**SOURCE MATERIAL:**
☆ ☆ ☆

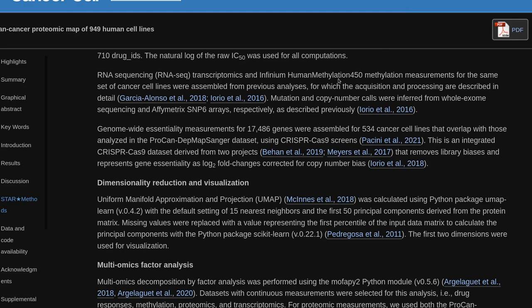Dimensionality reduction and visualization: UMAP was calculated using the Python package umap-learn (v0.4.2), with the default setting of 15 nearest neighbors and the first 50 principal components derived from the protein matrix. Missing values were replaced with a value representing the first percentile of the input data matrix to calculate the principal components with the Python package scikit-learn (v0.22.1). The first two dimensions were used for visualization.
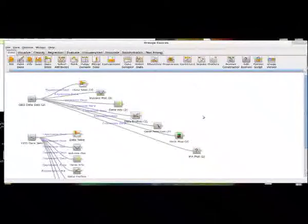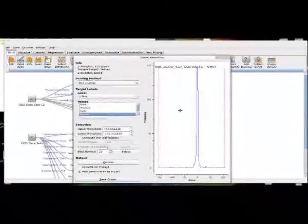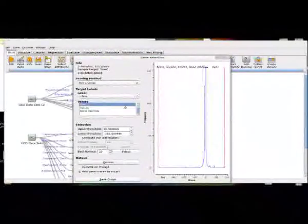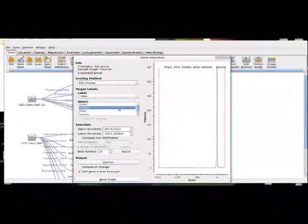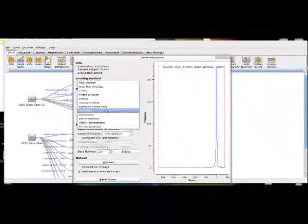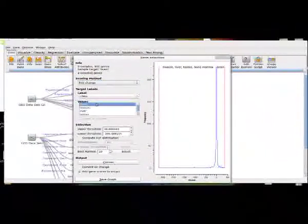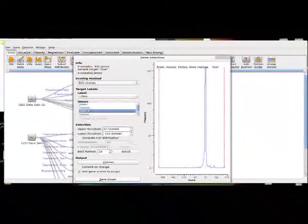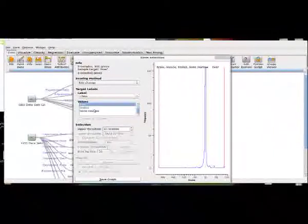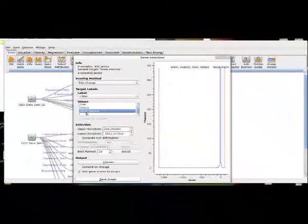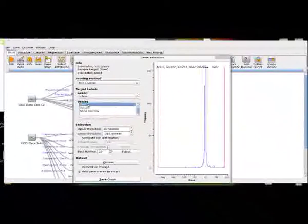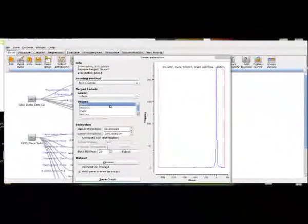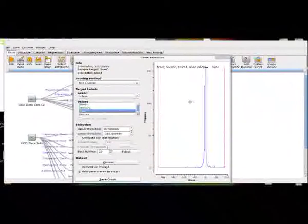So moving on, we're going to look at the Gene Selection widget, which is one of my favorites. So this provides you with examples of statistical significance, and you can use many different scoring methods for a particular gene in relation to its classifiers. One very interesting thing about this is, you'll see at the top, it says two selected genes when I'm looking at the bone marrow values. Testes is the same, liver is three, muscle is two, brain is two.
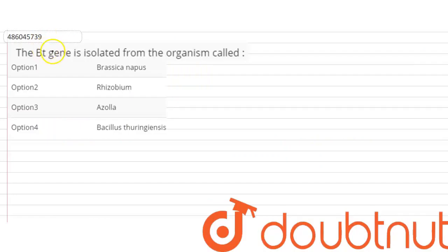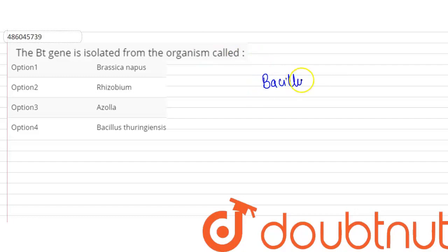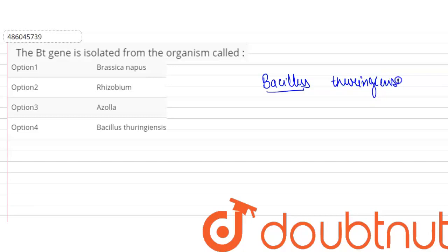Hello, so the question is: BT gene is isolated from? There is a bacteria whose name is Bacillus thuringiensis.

☆ ☆ ☆

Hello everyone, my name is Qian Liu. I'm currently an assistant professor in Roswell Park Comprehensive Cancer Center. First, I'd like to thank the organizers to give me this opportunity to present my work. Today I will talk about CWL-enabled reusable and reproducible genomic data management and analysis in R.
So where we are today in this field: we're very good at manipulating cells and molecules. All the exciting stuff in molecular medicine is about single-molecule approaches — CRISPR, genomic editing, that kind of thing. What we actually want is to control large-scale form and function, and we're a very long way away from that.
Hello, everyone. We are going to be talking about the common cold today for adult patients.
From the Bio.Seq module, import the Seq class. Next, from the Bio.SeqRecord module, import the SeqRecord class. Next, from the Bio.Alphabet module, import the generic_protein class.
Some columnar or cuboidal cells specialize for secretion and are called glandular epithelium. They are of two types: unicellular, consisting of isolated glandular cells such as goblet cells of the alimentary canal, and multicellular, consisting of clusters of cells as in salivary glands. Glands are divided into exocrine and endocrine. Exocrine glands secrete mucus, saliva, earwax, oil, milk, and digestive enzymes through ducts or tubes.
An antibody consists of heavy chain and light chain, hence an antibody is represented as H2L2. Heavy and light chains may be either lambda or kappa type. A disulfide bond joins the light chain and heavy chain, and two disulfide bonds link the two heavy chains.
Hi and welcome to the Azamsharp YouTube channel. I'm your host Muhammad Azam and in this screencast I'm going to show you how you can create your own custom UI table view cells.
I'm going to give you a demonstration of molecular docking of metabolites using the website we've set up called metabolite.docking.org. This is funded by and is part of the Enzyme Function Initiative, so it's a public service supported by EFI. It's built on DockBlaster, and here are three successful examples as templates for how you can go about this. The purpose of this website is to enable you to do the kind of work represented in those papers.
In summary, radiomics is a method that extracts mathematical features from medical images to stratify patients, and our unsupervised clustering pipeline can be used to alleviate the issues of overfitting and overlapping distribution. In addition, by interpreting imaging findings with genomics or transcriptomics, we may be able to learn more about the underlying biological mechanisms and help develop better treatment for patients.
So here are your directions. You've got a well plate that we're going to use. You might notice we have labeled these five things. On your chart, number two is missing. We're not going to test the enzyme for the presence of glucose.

☆ ☆ ☆

**WHAT YOU HAVE TO DO:**
Which lines above hold the string "represented"? Please copy all of them.

**ANSWER BOX:**
An antibody consists of heavy chain and light chain, hence an antibody is represented as H2L2. Heavy and light chains may be either lambda or kappa type. A disulfide bond joins the light chain and heavy chain, and two disulfide bonds link the two heavy chains.
I'm going to give you a demonstration of molecular docking of metabolites using the website we've set up called metabolite.docking.org. This is funded by and is part of the Enzyme Function Initiative, so it's a public service supported by EFI. It's built on DockBlaster, and here are three successful examples as templates for how you can go about this. The purpose of this website is to enable you to do the kind of work represented in those papers.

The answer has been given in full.